The process used in completing the research: In order to achieve our goal, we collected data from students, professors, and members of the Special Interest Group on Computer Science Education (ACM-SIGCSE), and compiled a list of errors we wanted our program to assess. Our research was completed in the following four phases:

Phase 1: Identification of Errors We conducted a survey of college professors, teaching assistants, and students in Computer Science to identify relevant Java programming mistakes. Combining the survey results with our own experiences as teaching assistants, we obtained a final target list of errors and misconceptions.

Phase 2: Choice of Implementation Next, we decided how to implement the error-detection advisory tool. We had initially contemplated writing it as a preprocessor or as a dynamic and interactive part of an editor. Later, we considered implementing it as a post-compiler designed to translate cryptic compiler messages into comments that introductory students could more easily comprehend. We finally chose to write our tool as a pre-compiler, a program to be run before compilation.

Phase 3: Implementation and Evaluation We then wrote code to implement our program. After developing a working version, we ran it on a test suite of Java programs that we had developed to demonstrate the set of errors we had targeted. The final outcome of this project was a helpful and effective tool that should facilitate the teaching of Java and promote better programming skills in students.

Phase 4: Future Possibilities This phase includes possible extensions of our year-long project, rather than being a part of the project itself. For example, we hope to combine our tool with an existing Integrated Development Environment next year. We also hope to test our program with an actual Java class in Fall 2002.

We undertook the responsibility of conducting each of the phases, guided by weekly advisory meetings with Dr. Mercuri. Since the project formed a senior thesis for Maria and Megan, Dr. Mercuri also served as their thesis advisor.

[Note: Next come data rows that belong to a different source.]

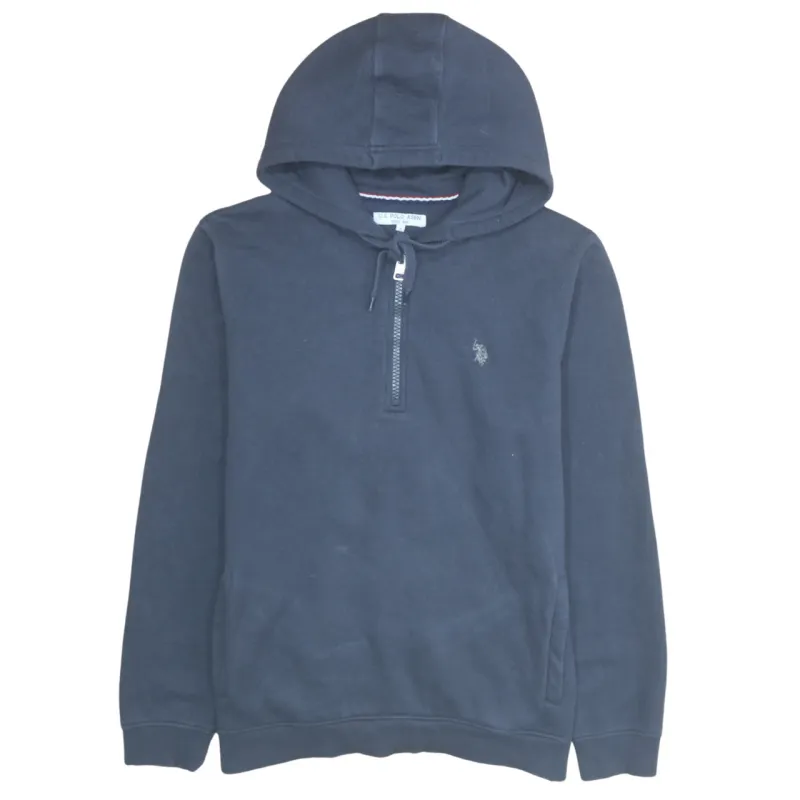 U.S Polo Assn Ebony Grey Hoodie Men's Large Half Zip Embroidered Logo Fleece Sweatshirt sold by Vintage Club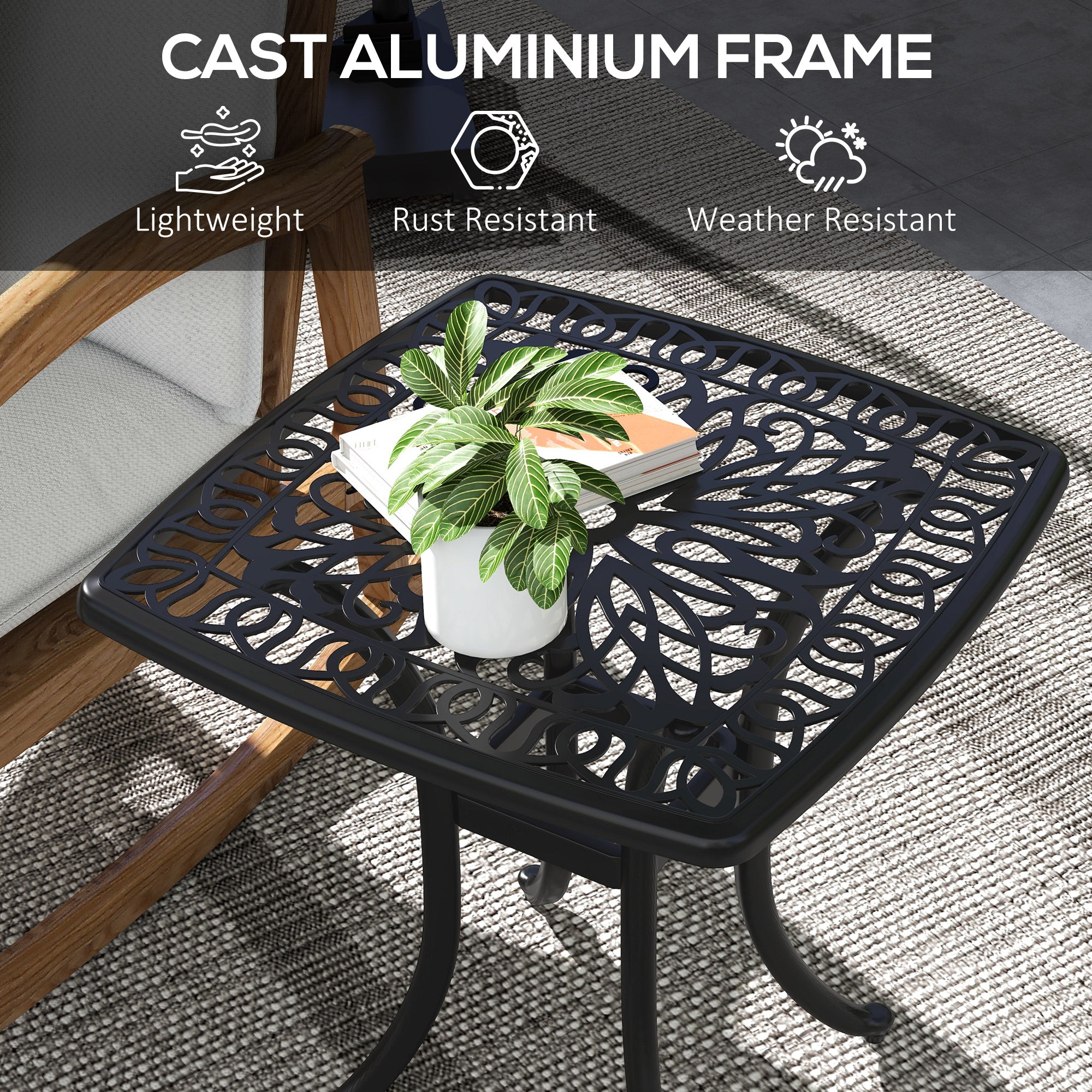 Cast Aluminium Outdoor Garden Bistro Table With Umbrella Hole Square - Velmora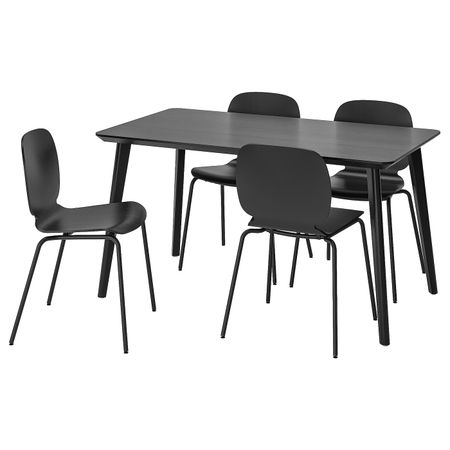 Стол и 4 стула, черный/черный 140x78 см IKEA LISABO ЛИСАБО / SVENBERTIL СВЕН-БЕРТИЛЬ 092.521.83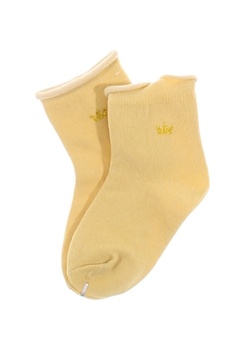 Dětské ponožky žluté s korunkou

Conclusions and results achieved:

Conclusion

Programming in Java can be a very difficult task for introductory students, especially when they don't understand the error messages given to them by the compiler. Our aim in this project was to create an educational tool that would not only help students identify and fix their existing programming errors, but also help prevent them from making them again in the future. We accomplished this by compiling a list of common Java programming errors made by introductory students, designing and coding a program that identifies these mistakes and returns instructive error messages, and testing our program on our test suite. We believe that our resulting project will prove to be a very useful tool for future introductory Computer Science students. Future work on this project includes assessment of its effectiveness in the classroom environment and examination of these results and student feedback to be reflected in future implementations.

Future of the project:
Next year we intend to have our program used by the Bryn Mawr and Haverford students enrolled in the introductory Java programming course at Bryn Mawr College. We would like the introductory students to utilize our program and give feedback on how to make it a more effective teaching tool. It would be interesting to examine whether and how much students' programming skills improve over time with use of our tool. We hope that future Computer Science majors at Bryn Mawr College will continue working on this project by compiling the results of student testing. When we first started this project, one of our long term goals was to develop a paper to for publication, and we intend to submit this to the Special Interest Group on Computer Science Education (ACM-SIGCSE) for their 2003 conference.